Having just emerged from finishing writing a book (working some bonkers hours in the process) I’m trying to get my life in order. It’s extremely messy and dusty and needs sorting out.
So I’m delving through boxes of old junk when I find an ancient folder on which my mum had written FIONA’S LETTERS.
I must have seen this before but so long ago that I don’t remember what they were - and anyway my memory is shot. Actually, not just the memory bit - my brain is shot. I only wake up knowing precisely what day it is because I do the New York Times crossword every day - the Daily Mini, not the difficult one - and it says the day eg FRIDAY.
So handy and reassuring that they put that there! And this is me aged sixty, leading a reasonably moderate life these days and not waking up with my shoes on in an unfamiliar London neighbourhood like Plaistow and shuffling mortified to the tube.
Anyway, the letters! What could these be I wonder? Excitable correspondence sent to my parents soon after I’d left home? How sweet that Mum kept them! Because nothing else was kept, as far as I’ve ever discovered - apart from (extremely randomly) my smelly Girl Guide blanket (for camping trips) and my fabric sew-on Madame Cholet badge.
I have to admit, I’m disappointed to discover that the letters aren’t real ones, ever sent in the post - but just practise letters from school in 1978.
Why did Mum keep these items? I have no idea because they’re certainly not interesting, amusing or illuminating in any way.
In fact re-reading makes me want to impale myself on a fence post.
For instance, here’s my polite request for a refund for a busted Stylophone.
Sense the gritted teeth restraint? That was the fourteen year-old me - so troubled by throbbing spots and an absence of exciting party invitations that all I wanted was to sit in my bedroom and play my Stylophone!
Have you ever heard one of those things? It’s as pleasant as listening to a wasp entering your ear canal. The higher register can dislodge amalgam fillings but on the plus side I imagine it could function as an effective rodent deterrent.
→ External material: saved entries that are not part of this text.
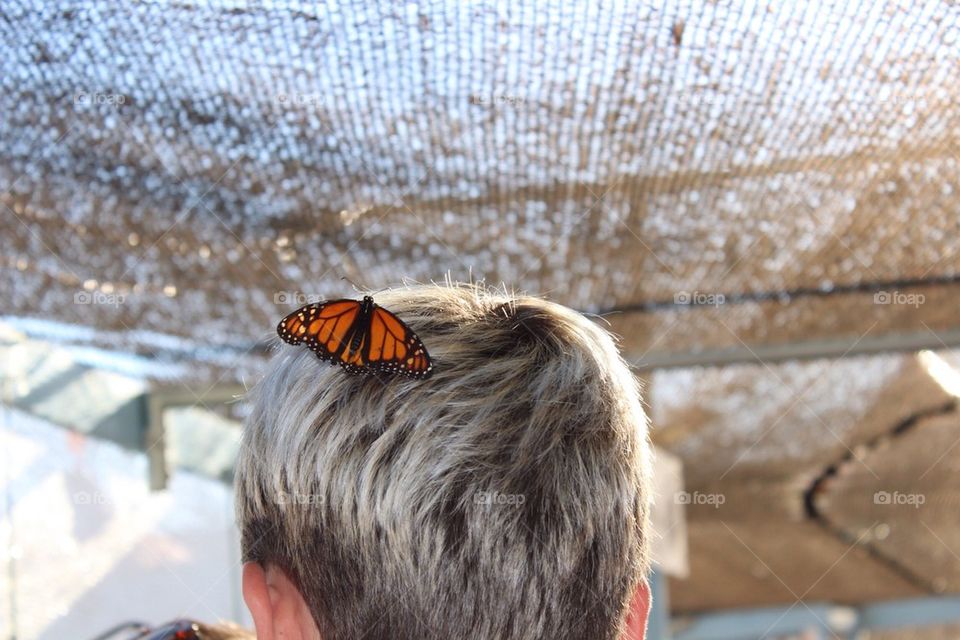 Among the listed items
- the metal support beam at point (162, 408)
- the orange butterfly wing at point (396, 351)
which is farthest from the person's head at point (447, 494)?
the metal support beam at point (162, 408)

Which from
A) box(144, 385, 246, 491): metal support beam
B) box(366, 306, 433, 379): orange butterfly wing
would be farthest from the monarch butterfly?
box(144, 385, 246, 491): metal support beam

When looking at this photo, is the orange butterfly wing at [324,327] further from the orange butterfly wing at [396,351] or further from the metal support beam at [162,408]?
the metal support beam at [162,408]

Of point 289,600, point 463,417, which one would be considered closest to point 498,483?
point 463,417

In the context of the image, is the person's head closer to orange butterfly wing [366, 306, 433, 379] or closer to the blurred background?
orange butterfly wing [366, 306, 433, 379]

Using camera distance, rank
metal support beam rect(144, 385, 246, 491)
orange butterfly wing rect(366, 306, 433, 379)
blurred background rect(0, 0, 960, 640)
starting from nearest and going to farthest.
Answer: orange butterfly wing rect(366, 306, 433, 379)
blurred background rect(0, 0, 960, 640)
metal support beam rect(144, 385, 246, 491)

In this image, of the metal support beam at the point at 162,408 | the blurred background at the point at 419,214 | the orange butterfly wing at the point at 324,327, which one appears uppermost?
the orange butterfly wing at the point at 324,327

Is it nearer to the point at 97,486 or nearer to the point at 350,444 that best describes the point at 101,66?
the point at 350,444

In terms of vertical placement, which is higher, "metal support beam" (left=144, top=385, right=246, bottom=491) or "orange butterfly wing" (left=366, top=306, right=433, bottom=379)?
"orange butterfly wing" (left=366, top=306, right=433, bottom=379) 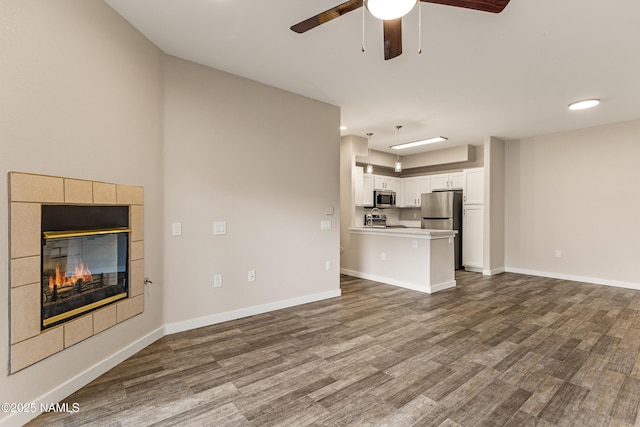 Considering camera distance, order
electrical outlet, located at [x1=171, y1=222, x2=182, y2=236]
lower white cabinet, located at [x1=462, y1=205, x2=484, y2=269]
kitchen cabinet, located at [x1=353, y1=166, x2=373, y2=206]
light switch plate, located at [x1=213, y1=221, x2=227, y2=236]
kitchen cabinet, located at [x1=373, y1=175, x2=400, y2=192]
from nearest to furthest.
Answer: electrical outlet, located at [x1=171, y1=222, x2=182, y2=236] → light switch plate, located at [x1=213, y1=221, x2=227, y2=236] → kitchen cabinet, located at [x1=353, y1=166, x2=373, y2=206] → lower white cabinet, located at [x1=462, y1=205, x2=484, y2=269] → kitchen cabinet, located at [x1=373, y1=175, x2=400, y2=192]

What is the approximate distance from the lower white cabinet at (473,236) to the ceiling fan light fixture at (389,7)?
18.0 feet

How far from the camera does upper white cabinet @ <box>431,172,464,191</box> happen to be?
6.63m

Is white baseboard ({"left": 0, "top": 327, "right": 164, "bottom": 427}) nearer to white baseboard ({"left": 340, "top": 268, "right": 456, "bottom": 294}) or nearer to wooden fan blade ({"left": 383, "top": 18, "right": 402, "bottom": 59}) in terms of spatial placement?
wooden fan blade ({"left": 383, "top": 18, "right": 402, "bottom": 59})

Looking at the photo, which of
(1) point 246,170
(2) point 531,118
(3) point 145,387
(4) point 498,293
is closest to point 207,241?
(1) point 246,170

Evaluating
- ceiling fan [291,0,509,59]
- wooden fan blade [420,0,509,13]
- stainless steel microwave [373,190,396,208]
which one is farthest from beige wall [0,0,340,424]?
stainless steel microwave [373,190,396,208]

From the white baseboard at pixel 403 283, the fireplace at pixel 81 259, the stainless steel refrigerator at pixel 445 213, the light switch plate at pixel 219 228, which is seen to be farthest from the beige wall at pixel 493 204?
the fireplace at pixel 81 259

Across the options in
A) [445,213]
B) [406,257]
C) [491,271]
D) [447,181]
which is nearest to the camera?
[406,257]

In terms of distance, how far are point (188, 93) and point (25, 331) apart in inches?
92.6

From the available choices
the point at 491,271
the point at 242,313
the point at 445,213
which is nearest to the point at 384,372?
the point at 242,313

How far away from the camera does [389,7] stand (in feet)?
5.10

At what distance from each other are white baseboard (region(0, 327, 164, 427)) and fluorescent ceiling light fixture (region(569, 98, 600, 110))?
5.72 meters

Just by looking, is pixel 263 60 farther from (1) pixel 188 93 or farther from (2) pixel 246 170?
(2) pixel 246 170

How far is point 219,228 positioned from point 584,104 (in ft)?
16.2

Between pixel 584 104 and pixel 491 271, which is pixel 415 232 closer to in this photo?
pixel 491 271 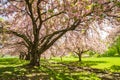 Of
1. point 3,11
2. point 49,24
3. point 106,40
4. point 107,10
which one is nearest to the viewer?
point 107,10

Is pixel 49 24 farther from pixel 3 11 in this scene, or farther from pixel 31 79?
pixel 31 79

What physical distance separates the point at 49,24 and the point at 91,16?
33.1 feet

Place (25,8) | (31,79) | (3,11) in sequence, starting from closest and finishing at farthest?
(31,79), (3,11), (25,8)

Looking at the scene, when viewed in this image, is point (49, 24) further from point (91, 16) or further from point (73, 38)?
point (91, 16)

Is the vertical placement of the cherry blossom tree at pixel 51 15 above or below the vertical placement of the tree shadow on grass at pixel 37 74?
above

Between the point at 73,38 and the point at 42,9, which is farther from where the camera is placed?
the point at 73,38

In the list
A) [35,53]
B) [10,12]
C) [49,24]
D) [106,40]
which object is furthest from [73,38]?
[106,40]

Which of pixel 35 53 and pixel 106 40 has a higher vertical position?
pixel 106 40

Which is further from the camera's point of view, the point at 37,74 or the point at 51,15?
the point at 51,15

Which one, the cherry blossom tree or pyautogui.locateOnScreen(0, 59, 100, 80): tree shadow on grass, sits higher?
the cherry blossom tree

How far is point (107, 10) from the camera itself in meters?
21.2

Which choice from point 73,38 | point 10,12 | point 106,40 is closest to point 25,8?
point 10,12

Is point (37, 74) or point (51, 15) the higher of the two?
point (51, 15)

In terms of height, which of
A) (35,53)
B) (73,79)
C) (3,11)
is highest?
(3,11) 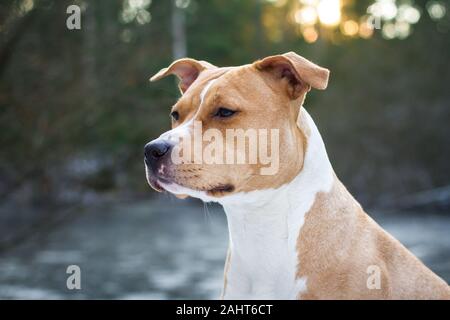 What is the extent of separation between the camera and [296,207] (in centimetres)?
351

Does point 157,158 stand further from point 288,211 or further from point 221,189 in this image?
point 288,211

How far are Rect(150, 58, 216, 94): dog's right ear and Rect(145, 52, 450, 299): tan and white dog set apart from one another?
1.96ft

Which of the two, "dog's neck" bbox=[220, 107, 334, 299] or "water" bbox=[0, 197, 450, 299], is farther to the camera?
"water" bbox=[0, 197, 450, 299]

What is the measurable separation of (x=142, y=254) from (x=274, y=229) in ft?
34.0

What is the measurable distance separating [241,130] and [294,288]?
861 millimetres

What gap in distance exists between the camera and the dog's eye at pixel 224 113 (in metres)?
3.63

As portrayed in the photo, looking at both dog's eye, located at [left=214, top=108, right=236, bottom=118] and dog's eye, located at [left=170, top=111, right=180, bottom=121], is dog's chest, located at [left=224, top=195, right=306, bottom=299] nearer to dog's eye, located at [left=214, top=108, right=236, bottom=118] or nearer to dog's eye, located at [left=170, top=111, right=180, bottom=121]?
dog's eye, located at [left=214, top=108, right=236, bottom=118]

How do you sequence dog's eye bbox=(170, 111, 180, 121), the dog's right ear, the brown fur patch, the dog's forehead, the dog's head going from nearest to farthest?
1. the brown fur patch
2. the dog's head
3. the dog's forehead
4. dog's eye bbox=(170, 111, 180, 121)
5. the dog's right ear

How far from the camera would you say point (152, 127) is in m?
16.9

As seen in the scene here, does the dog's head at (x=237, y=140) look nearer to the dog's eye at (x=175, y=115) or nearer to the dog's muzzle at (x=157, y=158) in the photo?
the dog's muzzle at (x=157, y=158)

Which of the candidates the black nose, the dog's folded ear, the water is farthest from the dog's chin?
the water

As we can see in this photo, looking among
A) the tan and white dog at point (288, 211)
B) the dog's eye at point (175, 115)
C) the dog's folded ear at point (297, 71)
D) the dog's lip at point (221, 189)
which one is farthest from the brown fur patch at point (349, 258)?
the dog's eye at point (175, 115)

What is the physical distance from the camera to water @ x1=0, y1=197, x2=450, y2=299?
33.3 ft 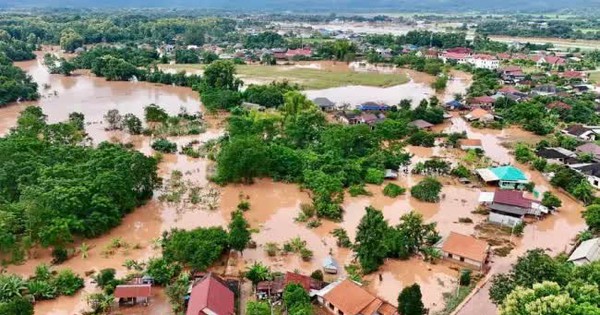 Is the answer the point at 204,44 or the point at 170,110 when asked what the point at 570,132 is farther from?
the point at 204,44

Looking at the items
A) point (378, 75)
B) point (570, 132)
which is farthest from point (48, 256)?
point (378, 75)

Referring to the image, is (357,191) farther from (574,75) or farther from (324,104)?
(574,75)

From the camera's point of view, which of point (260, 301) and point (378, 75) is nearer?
point (260, 301)

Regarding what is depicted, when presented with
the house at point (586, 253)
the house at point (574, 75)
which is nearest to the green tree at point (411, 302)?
the house at point (586, 253)

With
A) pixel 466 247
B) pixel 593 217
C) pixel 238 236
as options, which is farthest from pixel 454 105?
pixel 238 236

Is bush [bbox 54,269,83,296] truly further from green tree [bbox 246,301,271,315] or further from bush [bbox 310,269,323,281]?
bush [bbox 310,269,323,281]

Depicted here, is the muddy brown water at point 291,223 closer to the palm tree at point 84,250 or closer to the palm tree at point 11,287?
the palm tree at point 84,250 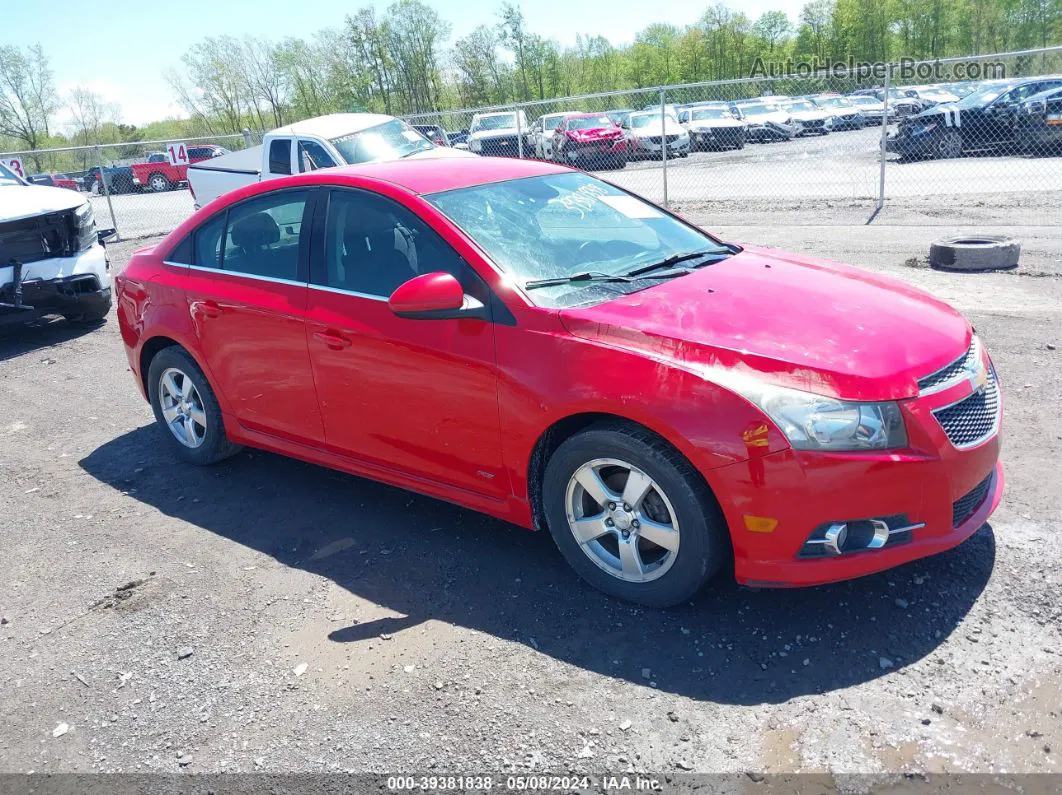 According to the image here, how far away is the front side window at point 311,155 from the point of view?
1261 centimetres

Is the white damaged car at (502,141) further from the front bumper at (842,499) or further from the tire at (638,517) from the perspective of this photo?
the front bumper at (842,499)

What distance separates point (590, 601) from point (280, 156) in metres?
11.3

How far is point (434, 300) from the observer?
3.57 m

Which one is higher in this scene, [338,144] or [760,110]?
[760,110]

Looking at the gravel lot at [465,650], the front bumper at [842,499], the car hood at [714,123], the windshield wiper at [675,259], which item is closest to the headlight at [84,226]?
the gravel lot at [465,650]

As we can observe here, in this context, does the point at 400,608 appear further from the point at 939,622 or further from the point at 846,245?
the point at 846,245

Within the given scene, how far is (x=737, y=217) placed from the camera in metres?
13.4

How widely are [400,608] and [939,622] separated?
6.92 ft

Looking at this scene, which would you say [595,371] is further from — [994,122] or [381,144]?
[994,122]

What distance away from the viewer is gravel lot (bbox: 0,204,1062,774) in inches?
108

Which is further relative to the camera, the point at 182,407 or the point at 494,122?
the point at 494,122

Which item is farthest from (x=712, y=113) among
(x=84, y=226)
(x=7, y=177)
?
(x=84, y=226)

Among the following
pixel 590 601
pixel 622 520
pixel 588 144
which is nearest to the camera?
pixel 622 520

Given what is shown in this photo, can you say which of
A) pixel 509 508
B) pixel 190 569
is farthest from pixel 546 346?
pixel 190 569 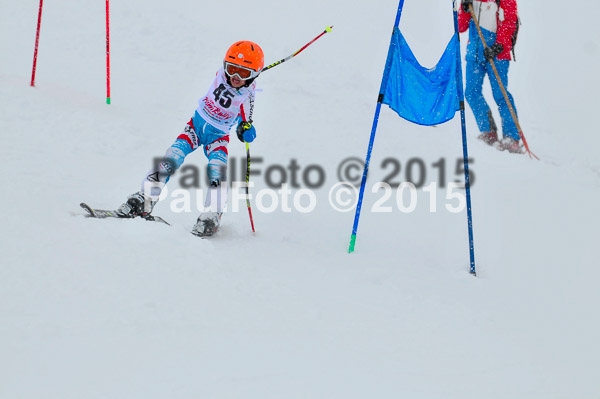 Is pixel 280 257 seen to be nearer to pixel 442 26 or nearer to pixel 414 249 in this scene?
pixel 414 249

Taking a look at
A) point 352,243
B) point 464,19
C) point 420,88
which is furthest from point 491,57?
point 352,243

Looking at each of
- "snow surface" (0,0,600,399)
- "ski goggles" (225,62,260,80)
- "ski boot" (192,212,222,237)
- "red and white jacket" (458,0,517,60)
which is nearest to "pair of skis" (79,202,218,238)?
"ski boot" (192,212,222,237)

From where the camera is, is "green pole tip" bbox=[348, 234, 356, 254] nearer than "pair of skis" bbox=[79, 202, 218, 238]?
No

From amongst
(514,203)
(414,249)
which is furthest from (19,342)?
(514,203)

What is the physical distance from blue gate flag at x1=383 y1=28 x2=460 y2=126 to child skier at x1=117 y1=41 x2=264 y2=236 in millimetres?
1295

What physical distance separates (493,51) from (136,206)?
6.16 metres

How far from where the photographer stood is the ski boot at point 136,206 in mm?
5008

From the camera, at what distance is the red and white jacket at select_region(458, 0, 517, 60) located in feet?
28.7

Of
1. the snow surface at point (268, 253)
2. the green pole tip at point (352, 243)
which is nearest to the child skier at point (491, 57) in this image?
the snow surface at point (268, 253)

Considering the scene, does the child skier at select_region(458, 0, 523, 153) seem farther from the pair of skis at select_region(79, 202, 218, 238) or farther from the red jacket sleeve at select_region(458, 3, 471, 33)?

Sit there with your little stylus, whining away, and no mouse - or indeed any living being - will have any desire to enter your home.
In between dreaming of owning a Stylophone that actually worked, I was instructing ‘West Yorkshire Co. Lt’ on how to organise their bus timetables more effectively.
Because - y’know - a kid with zero experience of transport logistics is obviously the right person to take charge of that stuff.
‘I often find myself waiting a long time for a bus.’ Yes, well - they are hourly, you goon. The trick is to show up at the bus stop a few minutes before the bus is about to depart. Not as you see it disappearing around the corner.
You know that question that’s asked all the time these days? ‘What advice would you give your younger self?’
That’s easy. Consult the ruddy timetable! I’d tell her.
Also, why not be a tad more aspirational? Why not write to British Airways ordering them to reorganise their flights out of Heathrow Terminal One?
Perhaps I was too busy trying to organise a school trip - not to, say, China or even Blackpool Pleasure Beach (which in 1978 was the only place anyone wanted to go) but some exciting engineering works.
‘The children will be under proper supervision.’ I’m sure the foreman would have leapt at that - a horde of clattering teenagers plunging their sweaty hands into machinery and getting their fingers sawn off!
Seriously, is this the stuff that filled our heads, back in the 70s? Crap musical ‘instruments’, bus timetables, engineering works? When told to draft a letter was this the very best we could come up with?
Things have have improved immeasurably in the past forty-odd years. School trips are now to thrilling far-flung destinations and not Dean, Smith & Grace Ltd. of Bradford Road and no terrible Stylophones are screeching away in teenagers’ rooms.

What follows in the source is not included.